Même si de petits mots en mots jolis, les après-midis passent vite, tout n’est pas si simple : « La petite Meaulnes » – tel que signe désormais la frenchy élève qui découvre Meaulnes, le grand d’Alain-Fournier – toute sioupe au laye qu’elle est, pique,scandale-hissée, de fitchues couleurs quand elle soupçonne ce géant de Dad – nostalgique de la permanence – de songer às’installer per-ma-nen-tly, menaçant son statut à elle de père-narde-pénarde-sans-mère…
Car l’Opale précieuse de son père est restée la piou-piou mal remise du certainly not :refus catégorique renvoyé fermement au projet de mariage qu’elle avait lancé du haut de sa tioute petite enfance.

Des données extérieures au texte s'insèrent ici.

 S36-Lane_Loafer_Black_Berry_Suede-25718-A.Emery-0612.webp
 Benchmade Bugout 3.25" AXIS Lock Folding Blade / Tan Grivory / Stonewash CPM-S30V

Opale se méfie des piout-être de ce Yul Brynner de Dad qui possède le langage paternel de la peau… En plein conflit ioudipien, il lui vient alors malgré ses 14 ans des envies de pleurer/ployer/pleuroyer… comme une tioute petite kinder en plein Ioudipe. C’est qu’elle perçoit des signaux annonçant des perspectives de Renée/Reynée… la mère reyniée, renégate de la traveller-daughter qui ne smile pas sur commande ? Elle – Hell ?… envoyée du Diable pour biaiser avec Dad dans un Wonderland où décliner « Te quiero » en toutes langues ? Pas question que son grand Cherokee de père retrouve la sirène qui a inspiré son tatouage Soleil pâli, celle qui avait quitté le train avant lui ! Opale-Monika est constiernée mais pas conciernée par le wagon, de la mère qu’elle n’a jamais connue, que son Dad essaye d’accrocher en marche à sa locomotive…
Elle et Enzo – le taiseux devant ses parents qui se déchirayent et celle affirmant « I prefer cookees I cooked » et faisant lapeau-lisse autour d’elle à coups de Liaissez-moi passer ! – ces deux teenagers vont unir leur différence pour désemmurer et décrypter autour d’eux.Sois pas triste/Soie pas triste/Soie precious-précieuse-précise…
Se sentir écouter, même de travers, n’est-ce pas préférable à n’être pas écouté du tout ? Opaline, séismographe de quiétude, cachant un cœur-rébus sur le talisman de sa peau, peut-elle résoudre avec un biaiser les problèmes qui éruptionnent pour dire– à la cardinale – les maux de l’ami volcanisant à courts bouillons ?
Sous la carapace éruptive, y-a-t-il des trésors veloutés ? Et sur la route des sirènes, des fées qui suivent le chemin de Finnigan ?
Dans cette féerie meaulnesque, Carole Menahem-Lilin, distille les raisons-raisins de sa fable pour notre plus grand plaisir. On se laisse greeser en dégustant – disgustant les facéties de sa langue oulipienne, de loupés éruptifs en loopings, masqués derrière contrepèteries et homonymes en vrille qui colorent la greesaille du quotidien.